South Korea’s finance minister Hong Nam-ki gave a firm “no” at the National Assembly to lawmakers asking for crypto taxation to be delayed until the industry is fully prepared.
- Minister Hong insisted the plan to tax capital gains from cryptocurrency transactions should be executed as planned. The amended tax law stipulates that crypto income over the amount of 2.5 million won (about US$2,132) be taxed 20% starting Jan. 1, 2022. “The virtual asset market has grown to be as big as the KOSPI (Korea’s stock market),” Hong said. “It would be a problem for fair taxation if we do not tax where there is income.” A further delay would only cause market confusion, he added.

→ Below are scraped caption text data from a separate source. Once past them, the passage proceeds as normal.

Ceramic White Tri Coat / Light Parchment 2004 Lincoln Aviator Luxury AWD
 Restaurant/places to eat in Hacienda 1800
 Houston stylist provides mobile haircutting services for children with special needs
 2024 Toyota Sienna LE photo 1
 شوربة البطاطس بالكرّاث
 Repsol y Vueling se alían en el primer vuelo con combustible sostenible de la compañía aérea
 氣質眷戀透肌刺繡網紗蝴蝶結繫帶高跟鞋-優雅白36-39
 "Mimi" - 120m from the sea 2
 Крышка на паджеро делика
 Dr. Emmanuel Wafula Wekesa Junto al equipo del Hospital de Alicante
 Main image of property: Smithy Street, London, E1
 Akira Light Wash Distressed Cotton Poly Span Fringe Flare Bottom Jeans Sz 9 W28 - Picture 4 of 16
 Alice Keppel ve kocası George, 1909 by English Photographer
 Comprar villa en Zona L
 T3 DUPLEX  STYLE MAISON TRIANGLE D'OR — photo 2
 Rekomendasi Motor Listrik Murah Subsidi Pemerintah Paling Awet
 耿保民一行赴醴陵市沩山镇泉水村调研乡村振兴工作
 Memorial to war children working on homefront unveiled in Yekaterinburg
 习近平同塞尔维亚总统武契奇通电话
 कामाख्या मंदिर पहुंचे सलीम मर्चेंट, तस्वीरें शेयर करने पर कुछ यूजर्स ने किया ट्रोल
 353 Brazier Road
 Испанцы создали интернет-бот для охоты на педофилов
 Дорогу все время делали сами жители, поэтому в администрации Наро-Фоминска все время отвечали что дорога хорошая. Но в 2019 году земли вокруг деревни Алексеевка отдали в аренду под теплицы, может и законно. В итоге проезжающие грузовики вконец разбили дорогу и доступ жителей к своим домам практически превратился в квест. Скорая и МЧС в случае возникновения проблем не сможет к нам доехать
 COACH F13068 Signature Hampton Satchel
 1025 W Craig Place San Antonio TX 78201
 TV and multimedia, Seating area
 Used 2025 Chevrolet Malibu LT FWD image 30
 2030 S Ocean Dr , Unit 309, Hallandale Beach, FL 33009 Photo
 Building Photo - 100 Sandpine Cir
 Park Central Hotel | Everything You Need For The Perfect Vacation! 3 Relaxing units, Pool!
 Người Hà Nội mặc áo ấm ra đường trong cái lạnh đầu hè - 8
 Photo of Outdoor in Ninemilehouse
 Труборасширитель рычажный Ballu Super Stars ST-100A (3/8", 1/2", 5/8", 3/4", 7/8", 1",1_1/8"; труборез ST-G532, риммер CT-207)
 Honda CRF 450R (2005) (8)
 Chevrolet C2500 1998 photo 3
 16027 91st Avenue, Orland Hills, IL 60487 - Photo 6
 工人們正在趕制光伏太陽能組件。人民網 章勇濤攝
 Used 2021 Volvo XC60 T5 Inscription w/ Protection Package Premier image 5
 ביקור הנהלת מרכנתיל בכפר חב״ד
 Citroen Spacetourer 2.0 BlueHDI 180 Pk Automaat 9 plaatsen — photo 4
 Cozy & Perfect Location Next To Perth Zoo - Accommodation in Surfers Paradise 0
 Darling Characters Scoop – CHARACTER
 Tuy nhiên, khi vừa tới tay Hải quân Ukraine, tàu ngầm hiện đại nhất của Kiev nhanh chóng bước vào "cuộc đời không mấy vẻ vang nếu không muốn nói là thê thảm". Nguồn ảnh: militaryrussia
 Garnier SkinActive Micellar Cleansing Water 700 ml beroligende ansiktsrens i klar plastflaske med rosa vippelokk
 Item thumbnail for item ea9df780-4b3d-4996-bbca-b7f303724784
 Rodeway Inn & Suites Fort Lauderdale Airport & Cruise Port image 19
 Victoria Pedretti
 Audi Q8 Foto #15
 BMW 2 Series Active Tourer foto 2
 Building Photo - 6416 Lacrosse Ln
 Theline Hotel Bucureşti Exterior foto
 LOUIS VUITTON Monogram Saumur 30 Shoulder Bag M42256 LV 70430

- The tax law amendment sparked controversy, with some saying taxation is too early especially when the government has yet to prepare sufficient protective measures for crypto investors. Other crypto investors argued it was unfair, as crypto income is taxed over 2.5 million won, while stock capital gains taxes start at 50 million won, which is around US$42,600. Moreover, stock capital gains are to be taxed from 2023, a year later than crypto taxation. The government explained that there are special tax benefits to income from certain financial investments, and virtual assets aren’t categorized as financial assets in South Korea — hence the lower threshold for tax deduction.
- The imbalance between tax deductibles in crypto gains and stock gains caused an anonymous person to post an online petition on the presidential Blue House webpage, to stop what the person viewed as “discrimination.” More than 50,000 people have since signed the petition.
- Conservative party lawmaker Yun Chang-hyun and Yoo Gyeong-joon proposed bills to delay the taxing by one to two years, while democratic party lawmaker Noh Woong-rae proposed characterizing crypto capital gains as income from financial investment.
- Lee Dong-keon, professor of tax accounting at Hanbat National University, told Forkast.News in an interview he agrees that crypto taxation should go on as scheduled. However, he argues taxing crypto should be the same as taxing stock gains. “The National Tax Service claims that [crypto] is not a financial asset, but a part of ‘other assets’ or intangible assets,” Lee said. “Regardless of category, if the characteristics [of the investments] are similar, I think it’s right to tax it the same as stock capital gains tax.”